Una de las más demoledoras consecuencias de las crisis es el envilecimiento social que a menudo provocan: la gente tiende a ser más egoísta, más chovinista, más irracional; el miedo fascistiza y los pueblos asustados reclaman recortes democráticos y se avienen a perder derechos duramente conquistados. Y, así, veo aumentar la inquina contra los inmigrantes, por ejemplo, o crecer un irónico, petulante desdén hacia la ayuda internacional: “Con la de pobres que tenemos aquí, ¿vamos a ayudar a los de fuera?”, dicen muy sobrados mientras en el Sahel agonizan miles de personas.

Y yo no puedo evitar la sospecha de que esos que tanto parecen escandalizarse por los pobres patrios quizá sean los que jamás han movido un dedo por ellos.
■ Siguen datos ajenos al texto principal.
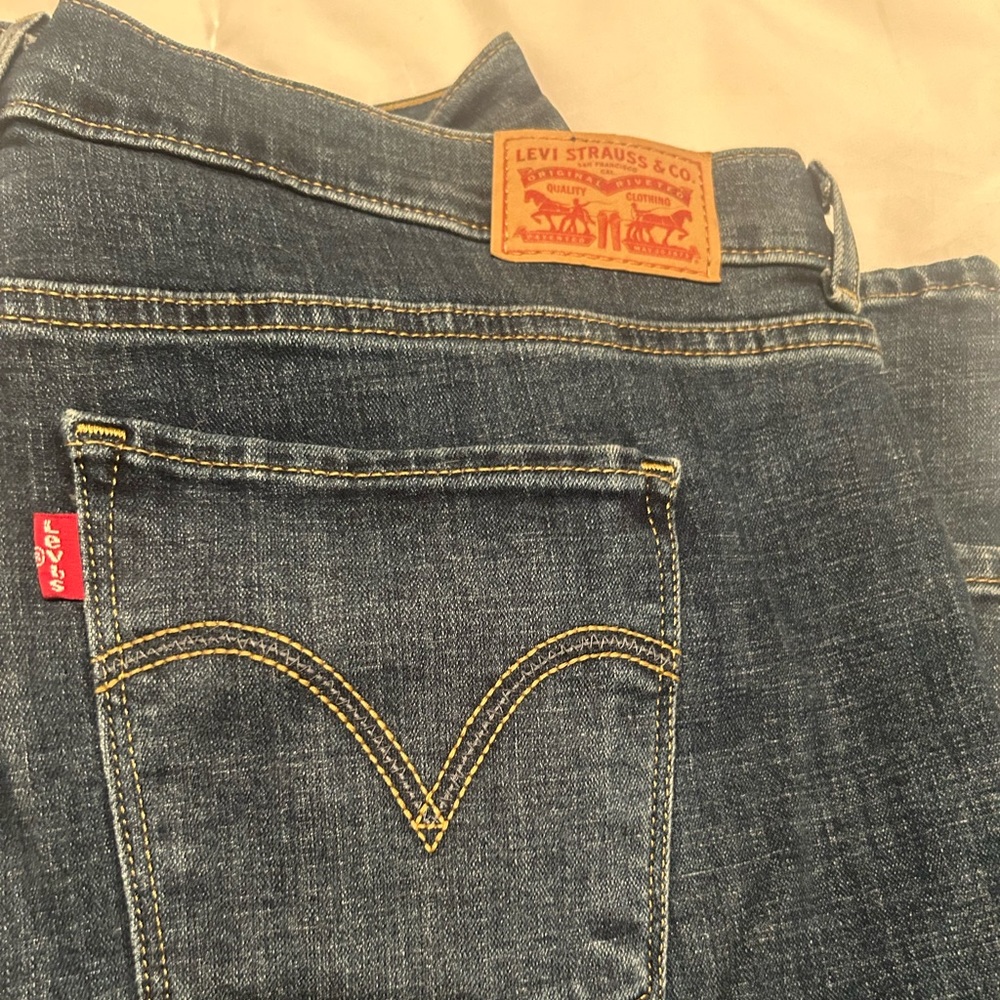 Levi jeans. Classic!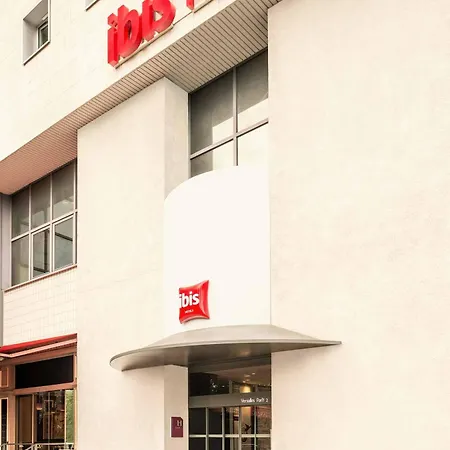 Hotel Paris Versailles Le Chesnay (Yvelines)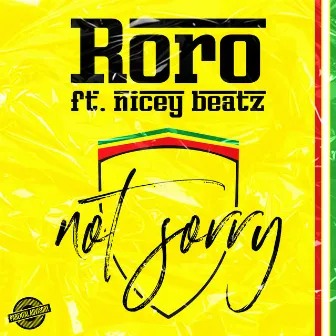 Not Sorry by RORO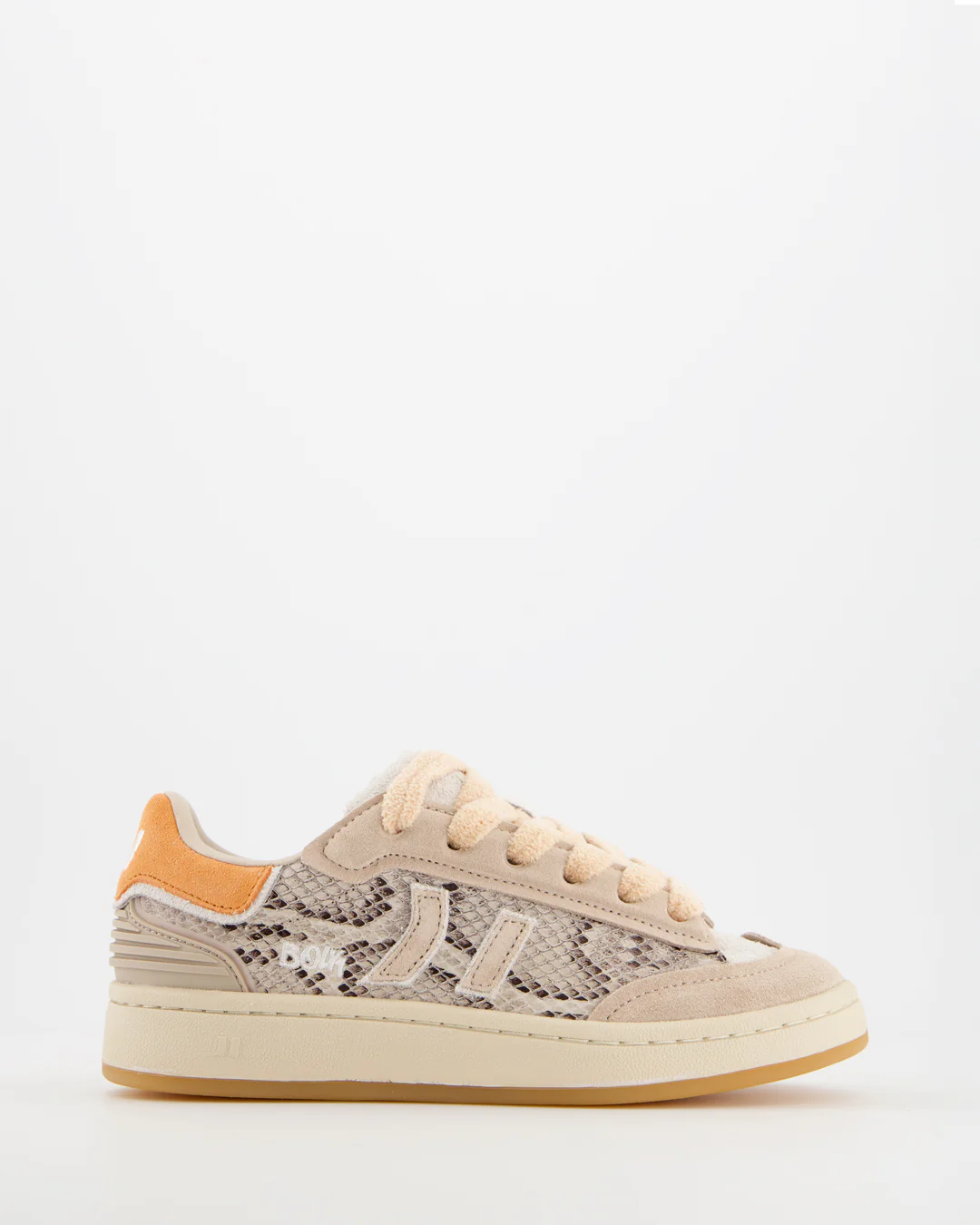 Coolway Bolk Street Venom - Zapatillas de piel chunky
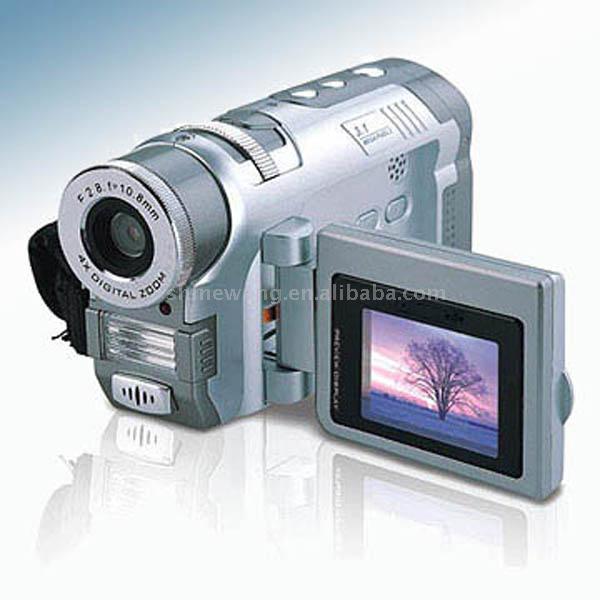  6.6MP Digital Video Camera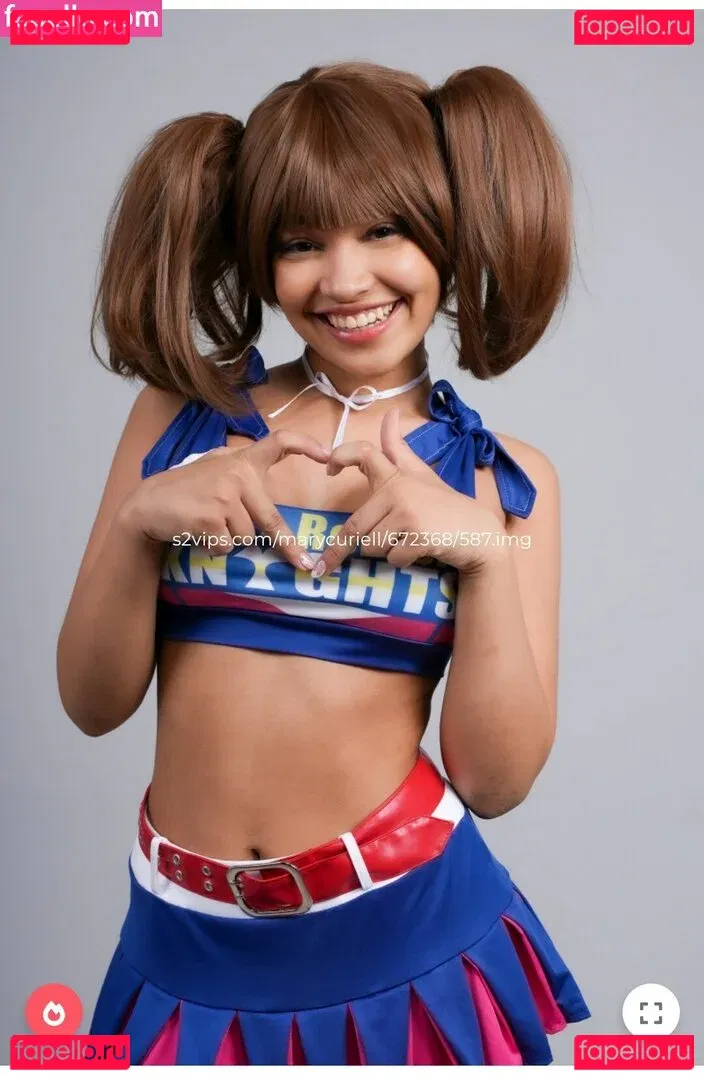 Mariana Curiel Onlyfans Photo Gallery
Lo mismo sucede con los animales: apenas estábamos saliendo de la brutalidad que caracteriza a este país cuando la crisis ha dado nuevas alas a los feroces. Estoy harta de escuchar en los últimos meses el mismo torpe tópico expresado con grandilocuente engreimiento: “Con la de pobres que hay, ¿vamos a preocuparnos de los animales?”.

Pero es que el respeto a todos los seres vivos no es algo baladí: es una parte esencial del desarrollo cívico y cultural de un pueblo, del fortalecimiento de un Estado de derecho. No es un asunto de derechas ni de izquierdas, sino de simple ética. “Un país, una civilización se puede juzgar por la forma en que trata a sus animales”, dijo Gandhi. Nos estamos descivilizando. No al Toro de la Vega. No a la barbarie.